KAMV
- Benbrook, Texas; United States;
- Broadcast area: Western areas of the Dallas–Fort Worth metroplex
- Frequency: 107.1 MHz (HD Radio)
- Branding: Amor 107.1

Programming
- Language: Spanish
- Format: Spanish Adult contemporary
- Subchannels: HD2: TUDN Radio

Ownership
- Owner: Uforia Audio Network; (Tichenor License Corporation);
- Sister stations: KDXX; KLNO; KUVN-DT; KSTR-DT;

History
- First air date: January 1990
- Former call signs: KFII (1987–1988, CP); KYOT-FM (1988–1992); KCYT (1992–1995); KCKK (1995); KMRT-FM (1995–1998); KDXT (1998–2003); KDXX (2003–2012); KFZO (2012–2013); KESS-FM (2013–2025); KQBU-FM (2025–2026);
- Former frequencies: 106.7 MHz (1990-2002)
- Call sign meaning: Amor

Technical information
- Licensing authority: FCC
- Facility ID: 21599
- Class: C1
- ERP: 74,000 watts
- HAAT: 320 meters (1,050 ft)

Links
- Public license information: Public file; LMS;
- Webcast: Listen live
- Website: Amor 107.1 Online

= KAMV =

Radio station in Benbrook, Texas

KAMV (107.1 MHz) is a commercial radio station licensed to Benbrook, Texas, United States, serving communities in the western sections of the Dallas–Fort Worth metroplex. It is owned and operated by the Uforia Audio Network, a division of TelevisaUnivision. It broadcasts a Spanish-language adult contemporary radio format.

KAMV has an effective radiated power (ERP) of 100,000 watts, the maximum for non-grandfathered FM stations. The transmitter is off Tin Top Estates Road in Horseshoe Bend. KAMV broadcasts using HD Radio technology.

==History==
This facility began broadcasting as KYOT-FM 106.7 in Granbury, Texas, in January 1990. It broadcast a big band and adult standards format from a transmitter in Erath County, 9 mi from Bluff Dale. Its original owner was David Carter, a former KTVT employee and owner of the Johnson County News newspaper. The station had its studios at the transmitter site and business offices in Fort Worth. The call sign was changed to KCYT in 1992. After KAAM (1310 AM) flipped from big band to sports in 1993, KCYT was the only local station in the format.

In 1995, Carter sold the station to Heftel Broadcasting, which flipped it to a Tejano music format. Heftel owned two other facilities locally.
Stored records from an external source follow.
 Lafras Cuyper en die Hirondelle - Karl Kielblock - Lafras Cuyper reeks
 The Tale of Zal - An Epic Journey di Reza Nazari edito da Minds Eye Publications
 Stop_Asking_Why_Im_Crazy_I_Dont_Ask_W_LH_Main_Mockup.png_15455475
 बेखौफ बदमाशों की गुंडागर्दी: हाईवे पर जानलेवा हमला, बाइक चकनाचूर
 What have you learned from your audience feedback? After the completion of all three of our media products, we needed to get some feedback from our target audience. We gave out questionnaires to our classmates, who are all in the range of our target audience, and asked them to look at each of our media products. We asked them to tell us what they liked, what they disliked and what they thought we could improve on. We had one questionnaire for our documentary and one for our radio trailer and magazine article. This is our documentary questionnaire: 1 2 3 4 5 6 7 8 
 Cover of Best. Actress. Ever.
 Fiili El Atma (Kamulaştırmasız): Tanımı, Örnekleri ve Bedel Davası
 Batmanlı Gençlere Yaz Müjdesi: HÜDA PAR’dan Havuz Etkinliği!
Heftel paired it with stations at 99.1 FM and 107.9 FM to create Kick, a regional trimulcast serving areas from Waco to Wichita Falls.
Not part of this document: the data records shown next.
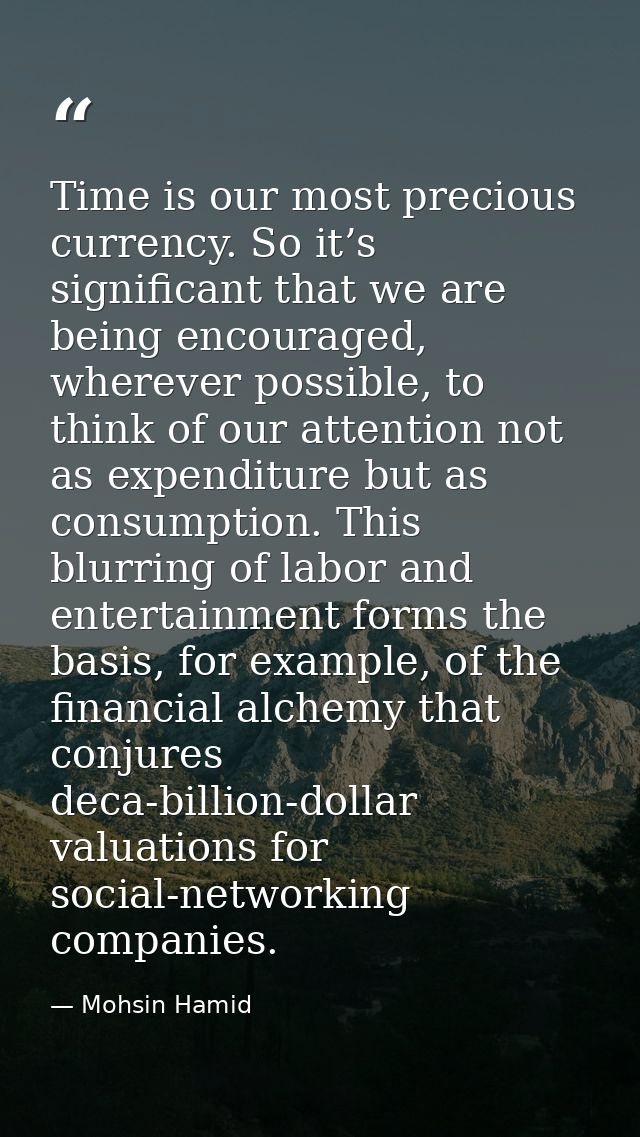 Time is our most precious currency. So it’s significant that we are being encouraged, wherever possible, to think of our — Mohsin Hamid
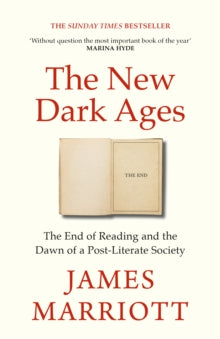 The New Dark Ages by James Marriott
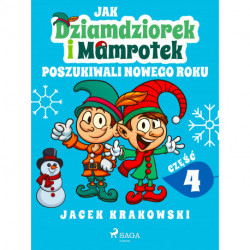 Jak Dziamdziorek i Mamrotek poszukiwali Nowego Roku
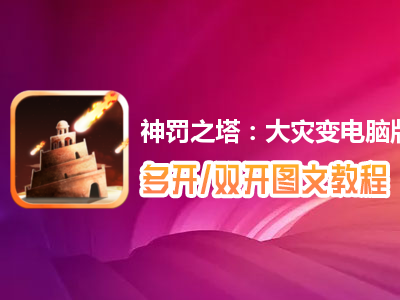 神罚之塔：大灾变怎么双开、多开？神罚之塔：大灾变双开、多开管理器使用图文教程
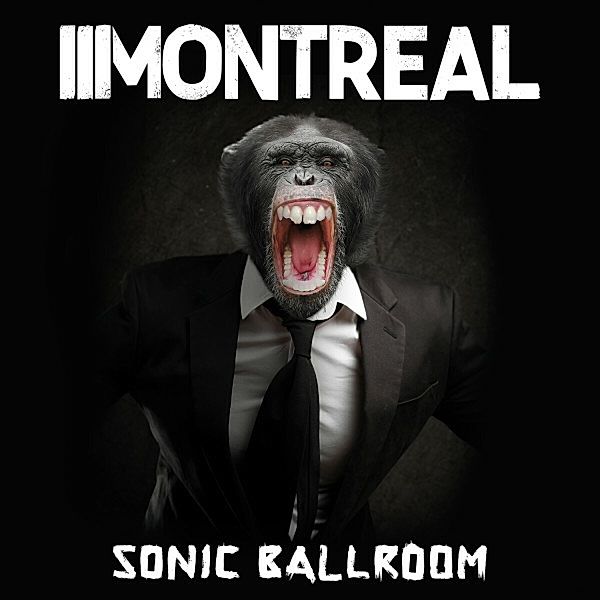 Sonic Ballroom (Ltd.Lp/Vinyl Weiß), Montreal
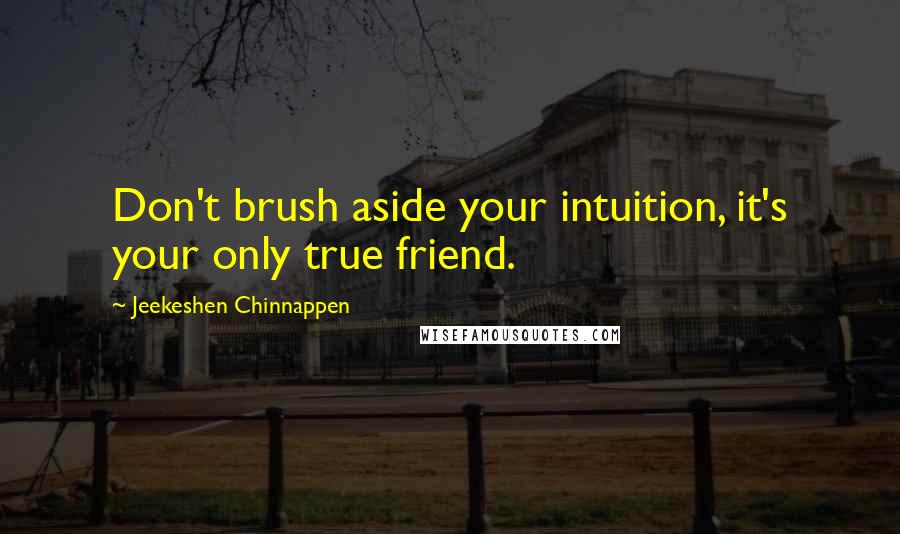 Jeekeshen Chinnappen Quotes: Don't brush aside your intuition, it's your only true friend.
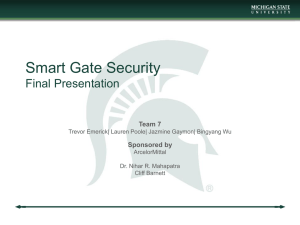 Smart Gate Security Final Presentation Team 7 Sponsored by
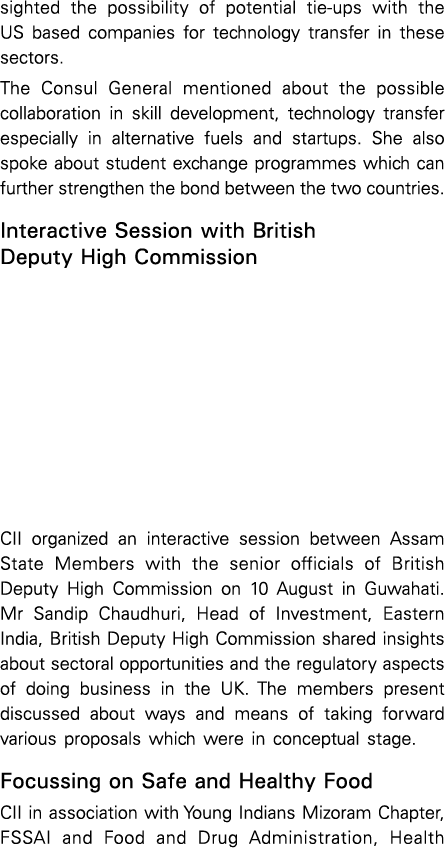 sighted the possibility of potential tie-ups with the US based companies for technology transfer in these sectors  Th   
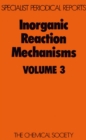 Image for Inorganic reaction mechanisms. Vol.3: a review of the literature published between December 1971 and June 1973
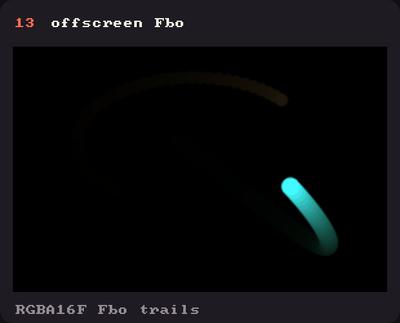 Showcase panel 13: a float Fbo with feedback trails.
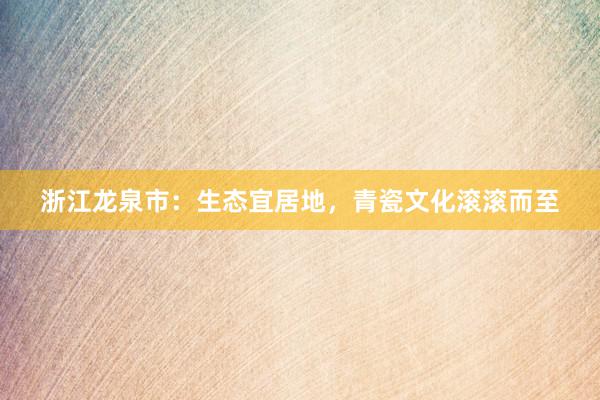 浙江龙泉市：生态宜居地，青瓷文化滚滚而至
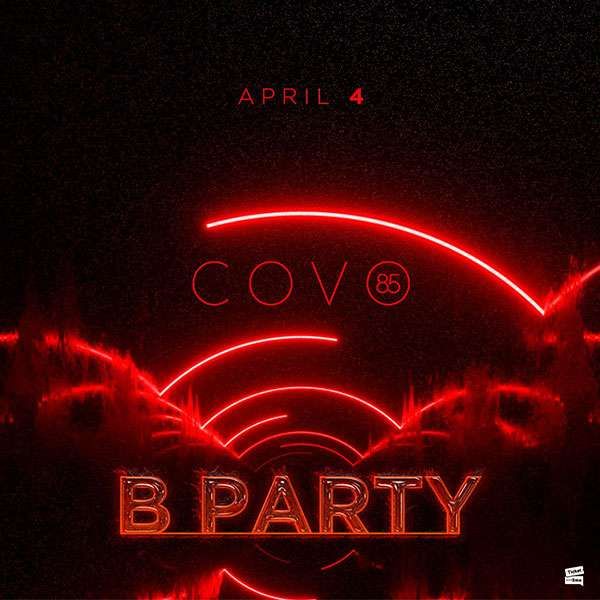 B Party | Covo 85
When Hispanic Broadcasting Company bought the 94.1 MHz facility and flipped it to KLNO "Estéreo Latino", it was originally simulcast on 106.7 until 2000, when the stations other than KLNO flipped to a soft adult contemporary format known as Amor. In 2002, Hispanic Broadcasting Company moved the station from Granbury to Benbrook at 107.1 MHz. The change was part of a 17-station shuffle in Texas and Oklahoma that moved KXGM into the market. The Amor format was simulcast on 107.9 until January 2003.

The station had been branded as "Estereo Latino" until February 19, 2009, when "La Que Buena" was moved from 107.9 FM (KESS-FM) and simulcast on 99.1 FM (KFZO). The reggaeton station known as "La Kalle" was then moved to 107.9 FM and retooled to Latin pop/CHR.

On June 23, 2011, KDXX changed its format from a simulcast of Regional Mexican-formatted KFZO, by known as La Jefa, to Spanish adult hits, branded as "Recuerdo 107.1". A year later, Univision Radio broke up the simulcast and moved the La Jefa format back to the 107.1 frequency, which changed call signs from KDXX to KFZO.

On July 29, 2013, KFZO flipped to a simulcast of 99.1, by then Spanish AC station KDXX. The following month, on August 9, 2013, KFZO swapped call signs with KESS. On September 28, 2014, 107.1 rebranded as "Latino Mix" as part of the implementation of the brand in seven markets.

On October 8, 2025, Univision flipped the format of KQBU-FM 93.3 in the Houston market to "Estéreo Latino 93.3". It moved the KESS call sign to that facility and KQBU-FM to Benbrook. The KAMV call sign was adopted on July 25, 2026, and KQBU-FM moved again to Univision's 105.1 MHz in Wickenburg, Arizona; the change was accompanied by a break with the simulcast with KDXX (107.9 FM) and a stunt loop of Emmanuel Cortes's "Amor", ahead of a relaunch of the station with a Spanish-language adult contemporary format and a return to the "Amor" branding, which occurred at 11:55 a.m. on July 27.